On ne pouvait quitter plus gaîment ses amis. Il partit.
Quinze à vingt jours après l'appareillage du corsaire qui avait emporté sur les mers notre camarade et sa fortune, ou plutôt ses espérances de fortune, nous apprîmes que le malheureux lougre avait été capturé par un croiseur anglais. Voilà donc le pauvre Mainfroy prisonnier en Angleterre, au bout de deux ou trois semaines de course. Ce n'était pas, hélas! ce qu'il s'était promis, ni ce que nous avions souhaité pour lui.
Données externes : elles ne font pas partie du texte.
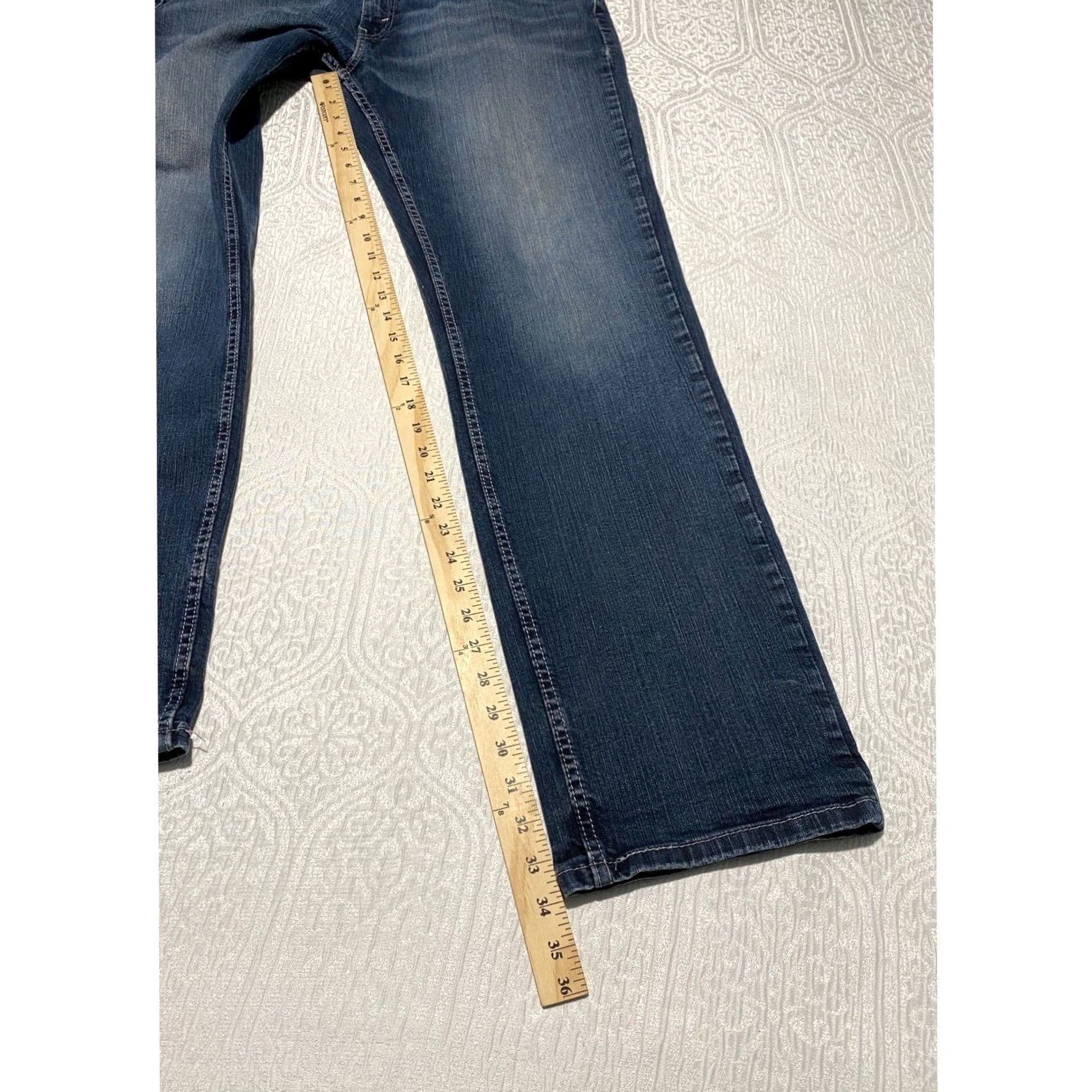Levi's Levi's 559 Jeans Men Straight 36x34 Blue Denim Relaxed Mid Rise 5-Pocket Logo Zipper Button Distressed Cotton Blend Pants Regular Fit Clothing Size US 36 / EU 52 - 6 Thumbnail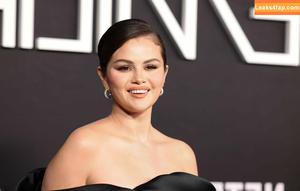 Selena Gomez photo #6919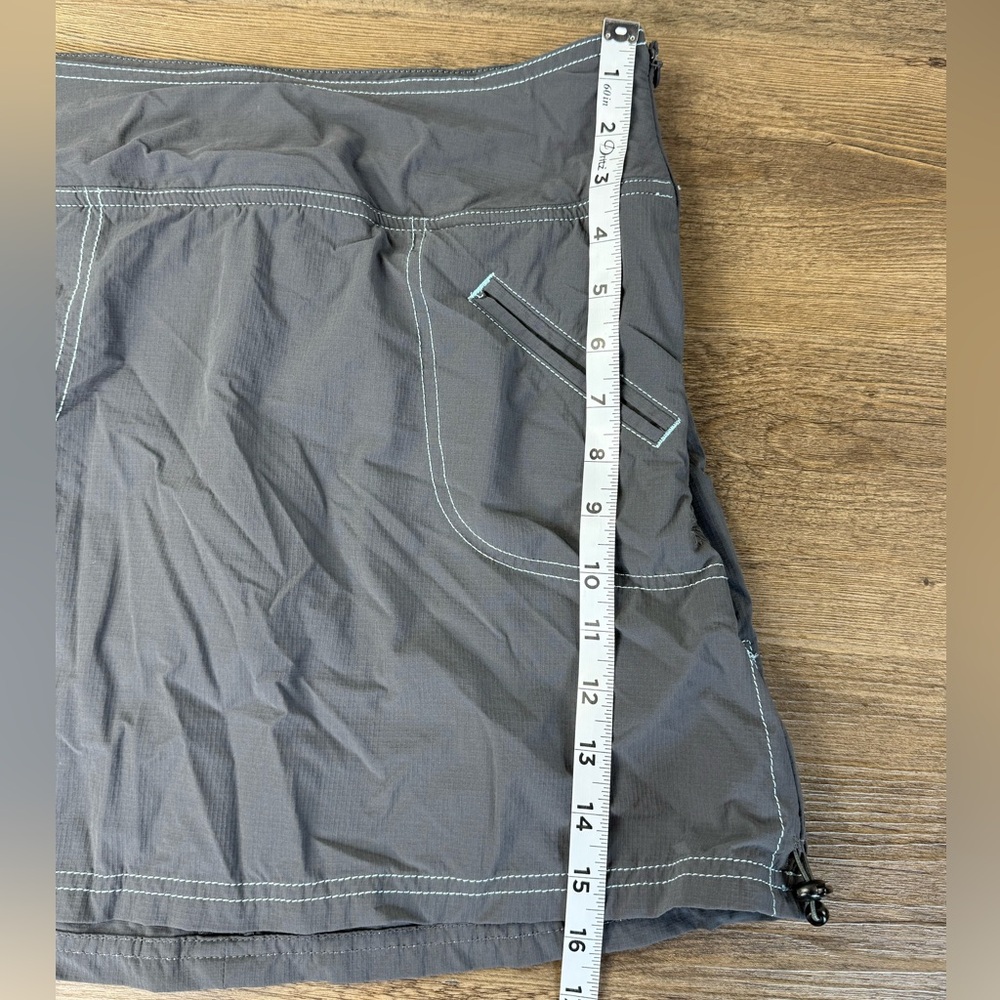 Athleta Women's Ripstop Nylon Skort Skirt Shorts Gray 903689 Cinch Size 4 - Picture 5 of 10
Nous le supposions le plus sincèrement du monde, rongeant tristement son frein sur quelque ponton de la Tamise ou de Chatam, et nous avions déjà même fait le deuil de notre infortuné collègue, lorsqu'un jour, mouillés sur notre navire dans une petite rade fort ignorée de la côte du Finistère, nous vîmes arriver du large, et toutes voiles dehors, une espèce de barque toute noire, toute charbonnée, portant fièrement, au bout du pic de sa brigantine enfumée, un pavillon anglais renversé. Rien de plus grotesque ne s'était encore offert sur mer à nos yeux. Nous nous primes d'abord à rire beaucoup de la prise qui nous arrivait. Quel corsaire maudit du sort, nous disions-nous, a pu mettre la patte sur une telle barquasse! Il faut apparemment qu'il n'ait eu rien de mieux à faire. La belle capture, et que le capteur est à plaindre! C'est probablement quelque brick charbonnier de Dublin ou de Corck. Il n'a pas pour plus de cinquante francs de voilure au vent, et il veut faire encore la frégate!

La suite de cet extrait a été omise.